2009-10-29 Thread Mike Turquette

Kevin Hilman wrote:

Dasgupta, Romit ro...@ti.com writes:


Hello Benoit,
One comment below:

In fact, this is Mike who started that analysis. We discussed that internally 
and
our point is that if the CPUFreq ondemand or conservative heuristic is not able
to increase quickly enough the CPU need to handle correctly the UI, we have
to somehow improve or modify the governor in order to provide it a extra
information in term of constraint maybe in order to increase immediately the
frequency.

The information as you mention needs to be supplied by the
driver. The governor would then act on behalf of the driver!  This
begs for a new governor API or a signature change to an existing
governor API.


This should not be done in the low level omap_pm code; this is not
the right level to do that.

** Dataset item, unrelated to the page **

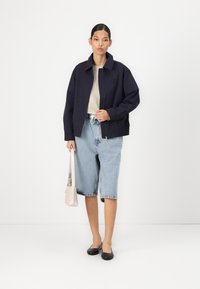 Jachetă de tip zip-up de culoare bleumarin, cămașă bej, șorturi din denim de culoare albastru deschis, pantofi joși negri și o mică geantă bej; material neted, croială lejeră, design minimal.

The issue is in the ondemand and must
be fixed there.

At the end of the day it would still be the driver making the
decision!


No.  The drivers can give hints about their requirements, but the
drivers don't make decisions that are system wide.  The govenor acts
on behalf of the entire system based on multiple inputs, not any one
driver.

Benoit's point (and I agree with) is that this is a *system wide*
problem that needs a *system wide* solution.  I agree that tweaked or
new governor is the right approach to solving this for the long term,


An assumption in this thread is that ondemand/conservative can't scale 
fast enough, but that is not true.  The Android UI sluggishness 
mentioned by Benoit was solved by lowering the cpufreq 
transition_latency time from 10 million ns to 300,000ns.  I have not 
gotten the exact worst case time that it takes for voltage to scale up 
and down from the hardware guys, but through some email exchanges it was 
agreed that this value is safe.


I've pushed the patch that fixed transition_latency to the list.  Please 
see thread decrease cpufreq transition latency.  This should hopefully 
cure a lot of performance/user experience pain and help us remove policy 
from drivers.



In the mean time, I have a couple ideas for experimentation.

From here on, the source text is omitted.